• _How to complete this task_:
Exactly as written, copy the lines of the data below from the first through the one containing "Printed Canvas Women's".

== Segment start ==

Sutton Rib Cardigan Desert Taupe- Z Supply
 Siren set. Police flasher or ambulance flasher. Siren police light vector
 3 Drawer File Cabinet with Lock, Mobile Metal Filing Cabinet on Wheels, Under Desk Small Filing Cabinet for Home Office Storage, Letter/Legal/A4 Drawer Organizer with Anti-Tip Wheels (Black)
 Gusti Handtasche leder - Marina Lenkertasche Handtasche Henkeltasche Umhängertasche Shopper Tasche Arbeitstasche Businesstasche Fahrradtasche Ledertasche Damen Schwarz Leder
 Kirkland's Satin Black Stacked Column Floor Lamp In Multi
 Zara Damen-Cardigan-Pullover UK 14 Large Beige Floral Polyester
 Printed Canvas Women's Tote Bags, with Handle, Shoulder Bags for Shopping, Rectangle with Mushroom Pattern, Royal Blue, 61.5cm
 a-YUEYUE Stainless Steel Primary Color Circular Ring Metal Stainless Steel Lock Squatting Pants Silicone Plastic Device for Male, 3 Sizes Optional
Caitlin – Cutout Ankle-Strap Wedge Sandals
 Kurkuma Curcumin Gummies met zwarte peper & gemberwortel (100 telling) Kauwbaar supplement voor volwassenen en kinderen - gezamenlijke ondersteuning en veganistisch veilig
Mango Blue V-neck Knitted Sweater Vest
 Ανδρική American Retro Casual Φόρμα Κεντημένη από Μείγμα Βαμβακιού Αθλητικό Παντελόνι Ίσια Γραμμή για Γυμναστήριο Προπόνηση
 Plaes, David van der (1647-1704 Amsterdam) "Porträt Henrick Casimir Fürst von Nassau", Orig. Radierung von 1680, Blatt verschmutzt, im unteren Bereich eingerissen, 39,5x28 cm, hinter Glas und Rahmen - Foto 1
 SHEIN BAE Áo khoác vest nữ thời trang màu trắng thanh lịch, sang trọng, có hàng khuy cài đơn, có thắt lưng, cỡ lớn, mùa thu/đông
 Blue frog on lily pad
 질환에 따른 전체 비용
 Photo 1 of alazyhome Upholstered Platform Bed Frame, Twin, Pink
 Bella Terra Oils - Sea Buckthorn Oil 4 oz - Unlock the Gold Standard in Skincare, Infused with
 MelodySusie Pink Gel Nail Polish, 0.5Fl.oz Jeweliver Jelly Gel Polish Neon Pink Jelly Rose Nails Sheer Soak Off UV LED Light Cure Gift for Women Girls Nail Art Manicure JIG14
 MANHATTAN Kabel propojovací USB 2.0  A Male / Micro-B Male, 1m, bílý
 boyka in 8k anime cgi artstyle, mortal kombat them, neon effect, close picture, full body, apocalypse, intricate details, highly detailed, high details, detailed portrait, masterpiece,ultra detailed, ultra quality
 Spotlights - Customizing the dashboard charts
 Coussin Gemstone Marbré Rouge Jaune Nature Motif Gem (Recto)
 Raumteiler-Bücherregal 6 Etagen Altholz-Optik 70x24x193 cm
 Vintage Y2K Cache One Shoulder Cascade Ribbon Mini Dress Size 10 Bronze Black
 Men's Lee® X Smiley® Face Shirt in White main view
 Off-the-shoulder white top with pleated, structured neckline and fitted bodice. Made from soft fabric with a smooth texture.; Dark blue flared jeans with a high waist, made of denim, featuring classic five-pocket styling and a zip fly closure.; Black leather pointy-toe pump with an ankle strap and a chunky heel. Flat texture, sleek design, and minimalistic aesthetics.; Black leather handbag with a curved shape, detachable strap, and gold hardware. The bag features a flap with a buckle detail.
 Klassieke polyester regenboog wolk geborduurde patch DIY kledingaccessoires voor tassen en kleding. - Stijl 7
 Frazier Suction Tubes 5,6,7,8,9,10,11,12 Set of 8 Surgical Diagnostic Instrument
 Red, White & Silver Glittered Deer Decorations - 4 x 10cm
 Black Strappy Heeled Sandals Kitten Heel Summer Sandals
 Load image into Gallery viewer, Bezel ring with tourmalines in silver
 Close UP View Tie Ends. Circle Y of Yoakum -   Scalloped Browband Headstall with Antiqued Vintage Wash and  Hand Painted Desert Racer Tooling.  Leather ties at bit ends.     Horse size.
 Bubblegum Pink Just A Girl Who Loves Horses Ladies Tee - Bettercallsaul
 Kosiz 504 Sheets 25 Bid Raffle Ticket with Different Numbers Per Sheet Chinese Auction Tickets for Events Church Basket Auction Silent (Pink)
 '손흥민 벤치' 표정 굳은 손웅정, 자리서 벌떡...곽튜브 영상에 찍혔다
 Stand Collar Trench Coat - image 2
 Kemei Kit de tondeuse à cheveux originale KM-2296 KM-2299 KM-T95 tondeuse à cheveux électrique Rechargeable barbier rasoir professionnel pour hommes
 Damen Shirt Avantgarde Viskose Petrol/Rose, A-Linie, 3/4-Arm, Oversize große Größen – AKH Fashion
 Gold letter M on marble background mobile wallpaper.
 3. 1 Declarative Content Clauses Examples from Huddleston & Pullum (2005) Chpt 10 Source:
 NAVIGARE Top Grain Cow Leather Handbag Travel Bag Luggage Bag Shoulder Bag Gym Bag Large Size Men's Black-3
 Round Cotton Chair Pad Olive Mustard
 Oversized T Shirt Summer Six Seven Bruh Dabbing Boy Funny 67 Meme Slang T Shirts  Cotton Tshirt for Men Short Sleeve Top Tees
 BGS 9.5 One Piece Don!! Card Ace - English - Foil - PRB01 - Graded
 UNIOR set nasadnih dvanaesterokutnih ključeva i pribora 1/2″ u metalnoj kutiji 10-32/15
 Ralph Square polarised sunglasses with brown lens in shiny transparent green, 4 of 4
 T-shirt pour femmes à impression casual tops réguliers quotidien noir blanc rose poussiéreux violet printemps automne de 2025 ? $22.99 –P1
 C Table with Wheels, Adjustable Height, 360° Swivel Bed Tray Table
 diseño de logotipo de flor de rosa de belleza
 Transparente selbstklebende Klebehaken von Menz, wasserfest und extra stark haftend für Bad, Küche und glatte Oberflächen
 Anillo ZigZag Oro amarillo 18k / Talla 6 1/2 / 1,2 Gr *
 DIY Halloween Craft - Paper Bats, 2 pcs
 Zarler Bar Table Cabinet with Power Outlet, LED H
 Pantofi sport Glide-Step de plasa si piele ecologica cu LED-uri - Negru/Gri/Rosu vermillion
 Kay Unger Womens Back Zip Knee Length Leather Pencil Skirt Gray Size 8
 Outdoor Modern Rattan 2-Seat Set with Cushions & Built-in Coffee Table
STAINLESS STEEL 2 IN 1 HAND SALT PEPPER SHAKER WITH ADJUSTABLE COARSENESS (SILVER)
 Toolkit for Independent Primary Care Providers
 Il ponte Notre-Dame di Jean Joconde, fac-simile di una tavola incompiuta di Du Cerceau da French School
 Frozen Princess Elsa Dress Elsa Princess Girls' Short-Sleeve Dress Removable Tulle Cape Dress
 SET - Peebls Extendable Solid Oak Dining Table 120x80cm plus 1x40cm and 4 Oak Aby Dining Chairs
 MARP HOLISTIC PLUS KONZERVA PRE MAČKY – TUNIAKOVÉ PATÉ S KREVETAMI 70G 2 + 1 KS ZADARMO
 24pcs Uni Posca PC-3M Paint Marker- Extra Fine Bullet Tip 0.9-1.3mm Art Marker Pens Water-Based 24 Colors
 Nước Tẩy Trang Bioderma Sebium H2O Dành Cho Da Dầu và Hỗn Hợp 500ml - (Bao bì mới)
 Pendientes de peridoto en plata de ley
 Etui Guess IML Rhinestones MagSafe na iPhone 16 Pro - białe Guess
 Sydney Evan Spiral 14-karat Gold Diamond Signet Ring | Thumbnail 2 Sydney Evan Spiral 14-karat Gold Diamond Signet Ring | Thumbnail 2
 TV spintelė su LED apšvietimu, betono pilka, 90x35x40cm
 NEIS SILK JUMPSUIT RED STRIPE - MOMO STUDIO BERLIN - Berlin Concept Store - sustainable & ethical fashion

== Segment end ==

• _Task response_:
Sutton Rib Cardigan Desert Taupe- Z Supply
 Siren set. Police flasher or ambulance flasher. Siren police light vector
 3 Drawer File Cabinet with Lock, Mobile Metal Filing Cabinet on Wheels, Under Desk Small Filing Cabinet for Home Office Storage, Letter/Legal/A4 Drawer Organizer with Anti-Tip Wheels (Black)
 Gusti Handtasche leder - Marina Lenkertasche Handtasche Henkeltasche Umhängertasche Shopper Tasche Arbeitstasche Businesstasche Fahrradtasche Ledertasche Damen Schwarz Leder
 Kirkland's Satin Black Stacked Column Floor Lamp In Multi
 Zara Damen-Cardigan-Pullover UK 14 Large Beige Floral Polyester
 Printed Canvas Women's Tote Bags, with Handle, Shoulder Bags for Shopping, Rectangle with Mushroom Pattern, Royal Blue, 61.5cm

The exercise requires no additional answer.